No more APK ADD

Who doesn’t know something like this:

FROM alpine:latest

RUN apk add make

Just to then be able to specify somewhere in your CI

make

make is just an example, but I often see containers with only one or two packages added.

These kinds of containers are usually used for a simple build step.
There are 2 typical approaches which both have their downside:

  • I use a Containerfile as above to generate an image
    This means I need to build a container & upload it to a registry first.
    Building docker images in a CI is not always trivial (though it’s gotten better) and requires a bit of extra effort like an extra build/upload step in the CI, a registry I can upload it to, secrets to authenticate against the registry...
  • I run the command directly in the CI.
    It has to run every time the CI runs - which means a lot of unnecessary compute & wait time!
    But given that the previous solution requires a bit of time to set up, this is the “lets’ get it done quickly” approach often taken

Now let me introduce to you another way to solve this small annoyance.

Nixery

Nixery is a “container registry” which can produce a minimal container image with only the packages you need. For example when I pull the image nixery.dev/bash/gnumake/musl it will generate an image with the 3 specified packages bash, gnumake and musl ad-hoc. The packages are built from Nixpkgs and copied into the container including their own dependencies. This is done on the server at “pulltime”. That means all I do is specify the above container to pull and I don’t need any extra step.

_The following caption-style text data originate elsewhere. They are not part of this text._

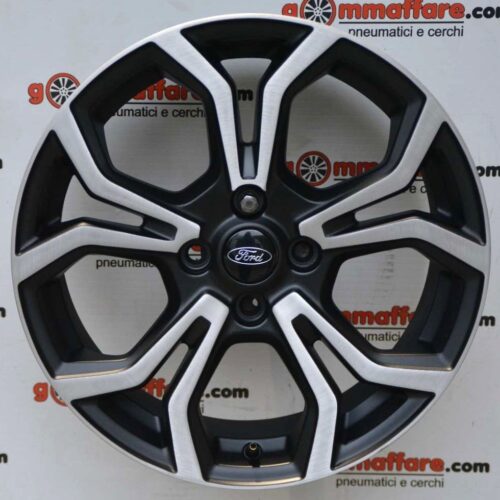 Ford - FIESTA new OK ECOSPORT 17 Nero Opaco Diamantato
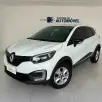RENAULT CAPTUR 1.6 16V SCE FLEX LIFE X-TRONIC RENAULT CAPTUR 1.6 16V SCE FLEX LIFE X-TRONIC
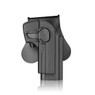 Amomax M9 / M92 Pistol Holster in Black
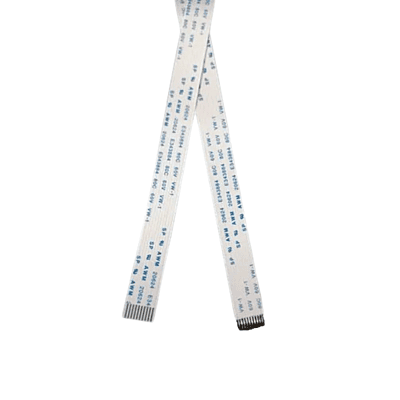 10 Pin 1mm 645mm Pitch Open End Control Panel Cable For HP Laserjet 126 Printer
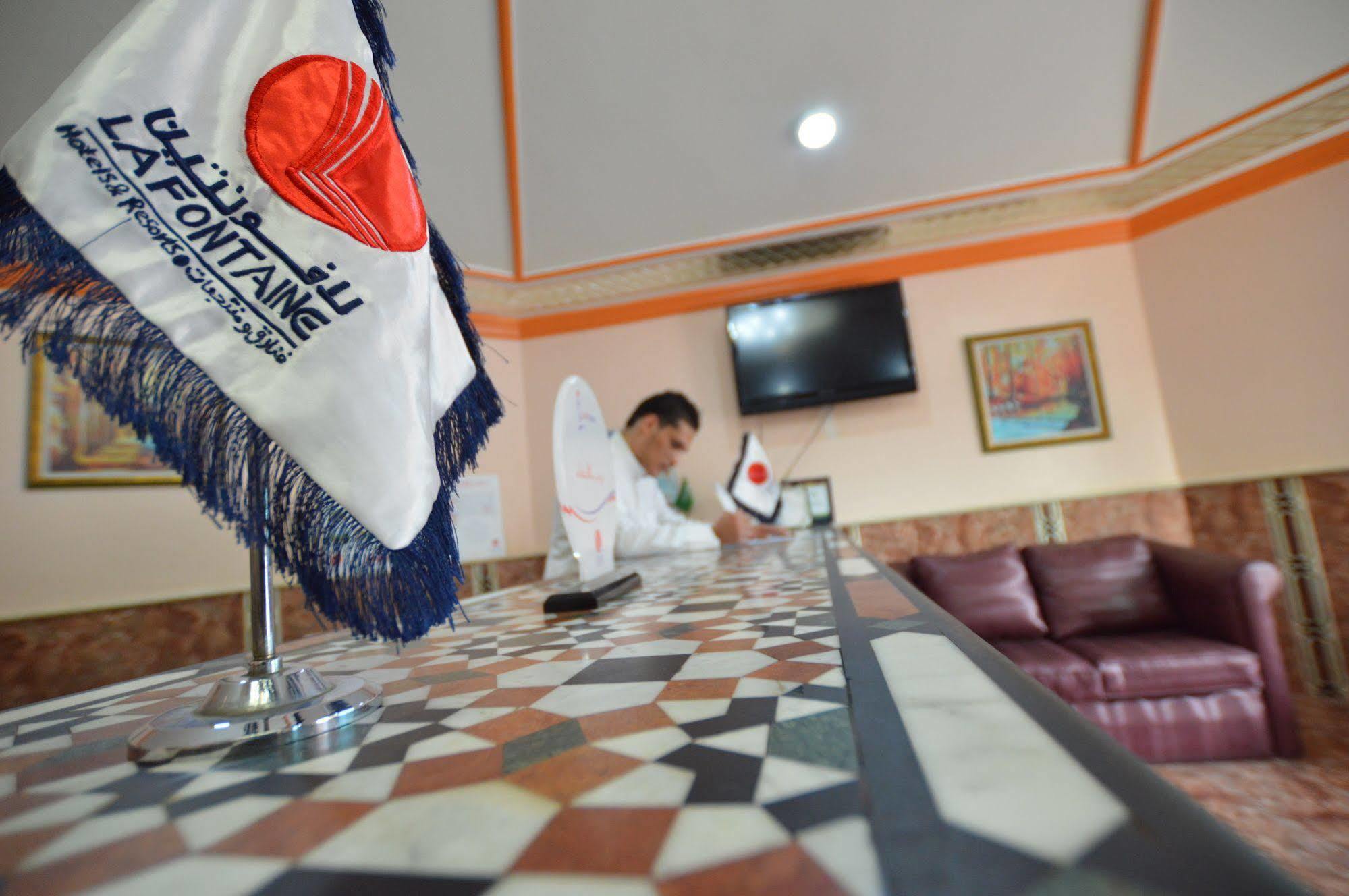 Al Ahmadi Plaza Resort 얀부 외부 사진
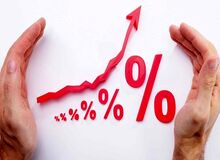 تورم تا پایان سال نزدیک به 50 درصد می‌شود +نمودار تورم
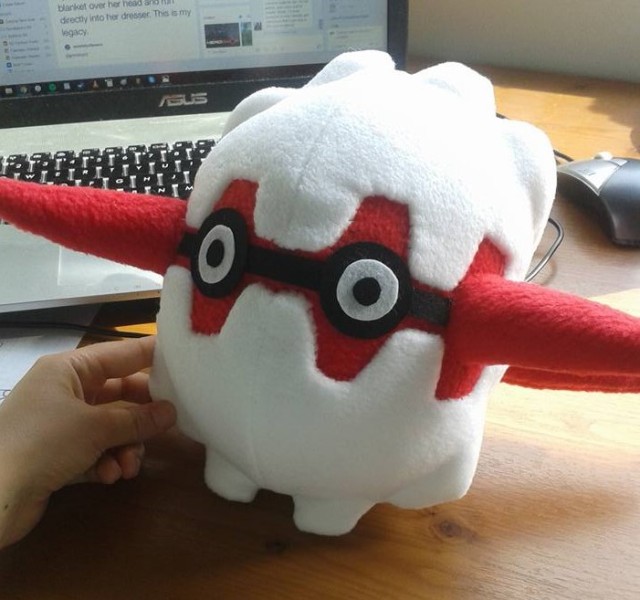 forretress plush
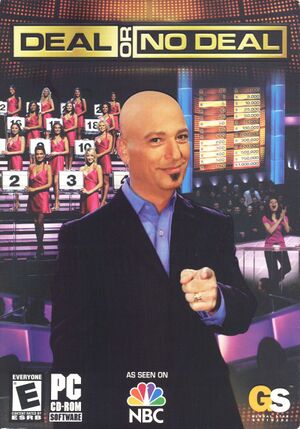Deal or No Deal cover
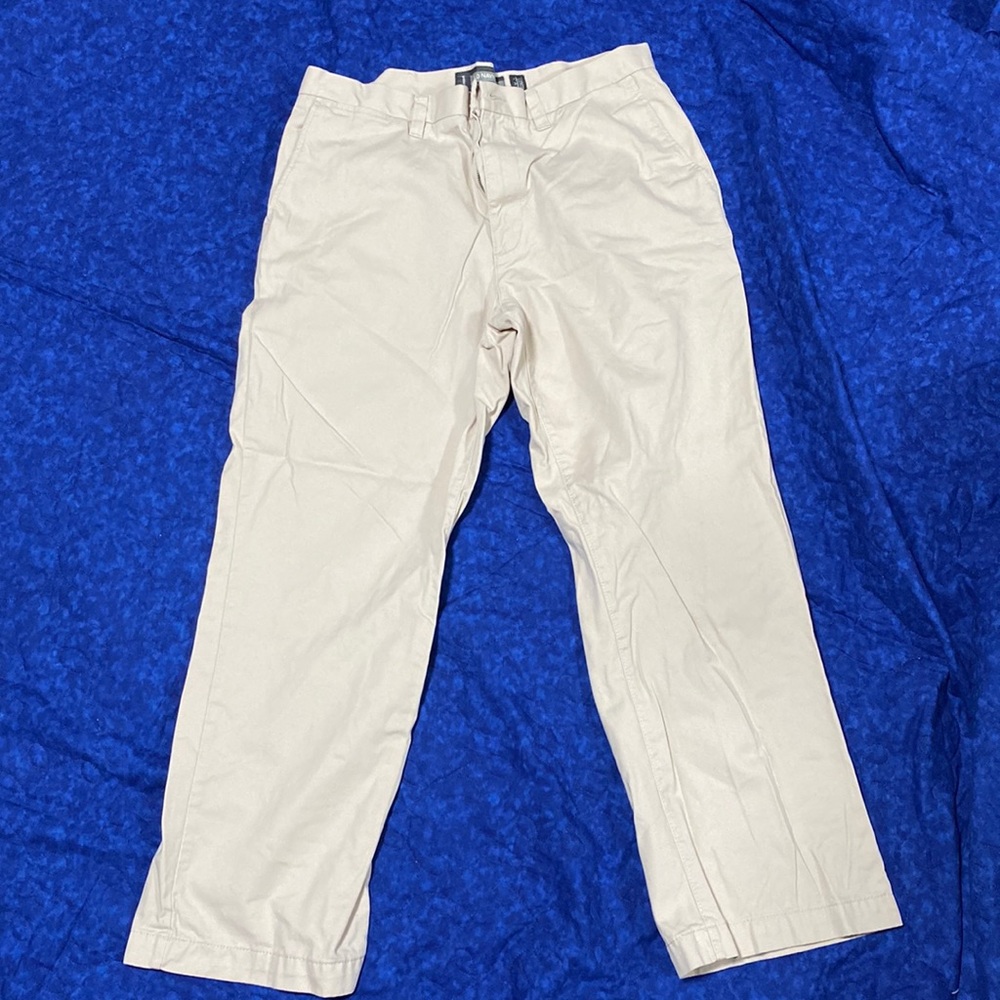 Old Navy Loose Fit Khakis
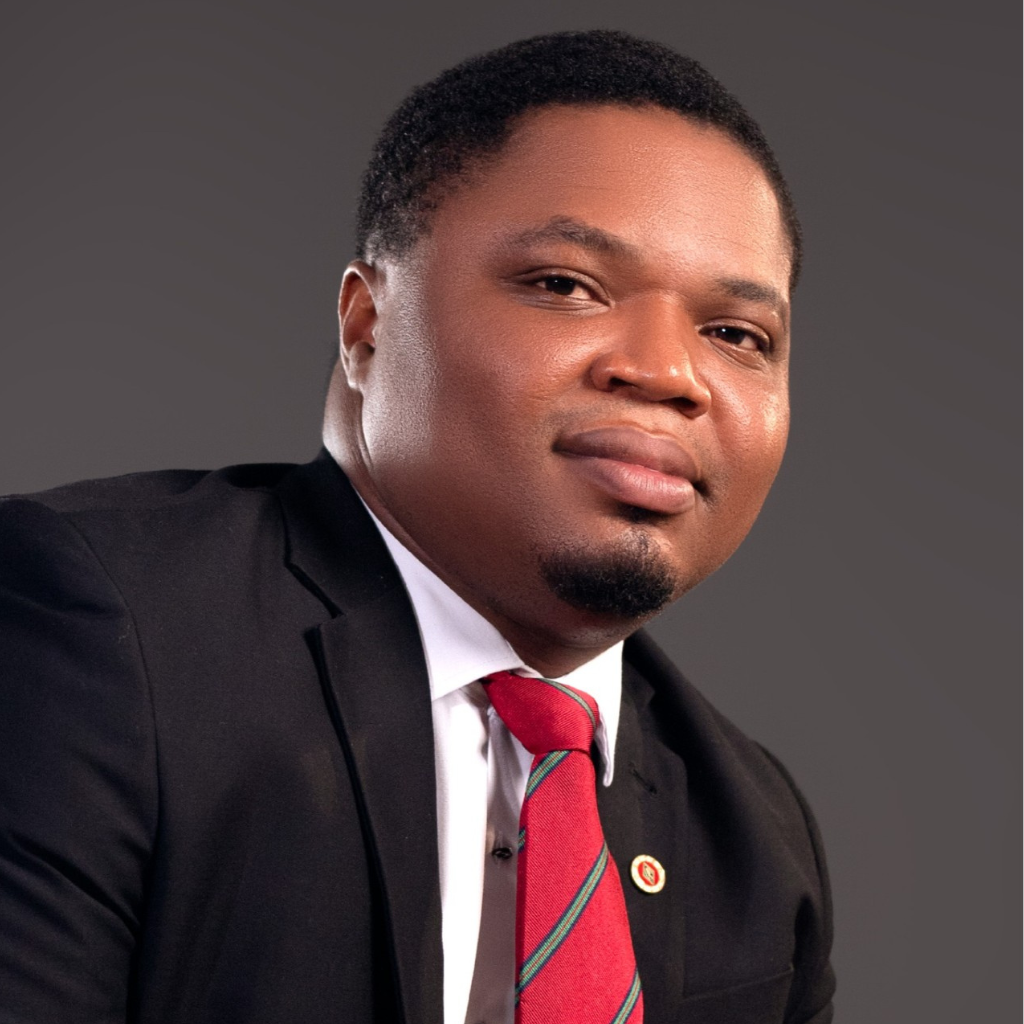 Dr Nnaemeka Benedict Okeke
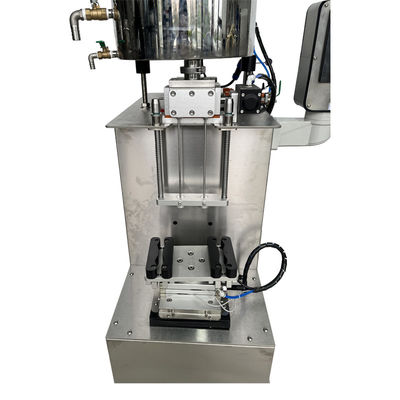 Double Head Mascara And Lipgloss Filling Machine Vertical Quantitative Heating filling Machinery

So an example gitlab-ci task which I actually used to run an install step which just copies files into the install directory to be packaged in a later phase:

build:
  stage: install
  image: nixery.dev/bash/gnumake/musl
  script:
    - make install
  artifacts:
    untracked: false
    paths:
      - install

...

stages:
  - install
  - package

What packages can I use that way? MANY! According to repology it’s the repository with by far the most packages. There’s also a search where you can check if a package you require in your container is available (and how it’s called).
And if you’re a bit of a nerd; it’s not even that hard to add a new package to the nixpkgs repository. At least much easier than getting a package into any of the major distributions.